I was just wondering, for those of you people that had the I9000M Internal SD fail can you answer the following (approximately):
how many apps did you have installed?
how much of the internal SD was used?
I'm just trying to figure out why they're dying. I have one myself and I'm not exactly using it to its full capacity. I was wondering if people that used their Internal SD more heavily were the ones that were have problems.
nemethb said:
I was just wondering, for those of you people that had the I9000M Internal SD fail can you answer the following (approximately):
how many apps did you have installed?
how much of the internal SD was used?
I'm just trying to figure out why they're dying. I have one myself and I'm not exactly using it to its full capacity. I was wondering if people that used their Internal SD more heavily were the ones that were have problems.
Click to expand...
Click to collapse
I was using about 4.5 GB on mine with about 110+ apps. I don't think it has anything to do with the amount being used though. More with the flashing of a Froyo firmware, specifically, doing a factory wipe in Recovery Mode of a Froyo ROM. I was able to flash a Froyo ROM successfully and have it boot up properly once before I decided to do a wipe and pretty much screwed up my internal SD.
dawgpound6985 said:
I was using about 4.5 GB on mine with about 110+ apps. I don't think it has anything to do with the amount being used though. More with the flashing of a Froyo firmware, specifically, doing a factory wipe in Recovery Mode of a Froyo ROM. I was able to flash a Froyo ROM successfully and have it boot up properly once before I decided to do a wipe and pretty much screwed up my internal SD.
Click to expand...
Click to collapse
That's the thing though. One person having an issue doesn't which they think resulted from 'this' may not apply to everyone. This is why I'm trying to take a sample and find out what is the biggest culprit (i.e. lag fix, flashing ROMs, amount of storage, etc.).

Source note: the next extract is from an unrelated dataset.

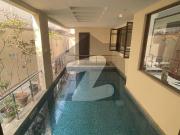 1000 Yards Used Like New Bungalow West Open Available...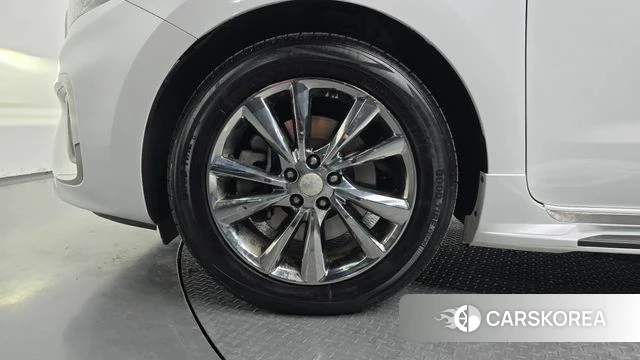 Kia The New Carnival id 3937137 из Кореи 15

i believe this is also the cause of my sdcard corruption. ever since i installed froyo, i lost half the sdcard, and now i can't mount it in recovery.
i can't comment yet
still working
have over 400 apps installed
only around 400 MB free in the internal SD everything else consume by Apps and Maps
i keep changing apps frecuently, and installing updates as they appear on Android Market
I was using about 10GB of my internal SD card when I chose to download a Froyo build (JPK). Soon after installing it, I tried plugging it into my computer via Mass Storage mode, and then couldn't get out of it. Eventually the phone went blank, it vibrated a few times, and the only way to get it to do anything was to pull the battery. Once I did that, the internal SD storage was toast.
I was trying quite a few things to get it to recognize the internal storage, but in the end I ended up bricking the phone even more. Now it will bring up the Galaxy S GT-9000 screen, light up the Back/Menu buttons for a few seconds, and then reboot. Download mode and recovery mode are now gone and the only thing I've had it do is go into Forced Upload mode (which as far as I've searched) is pointless for us now.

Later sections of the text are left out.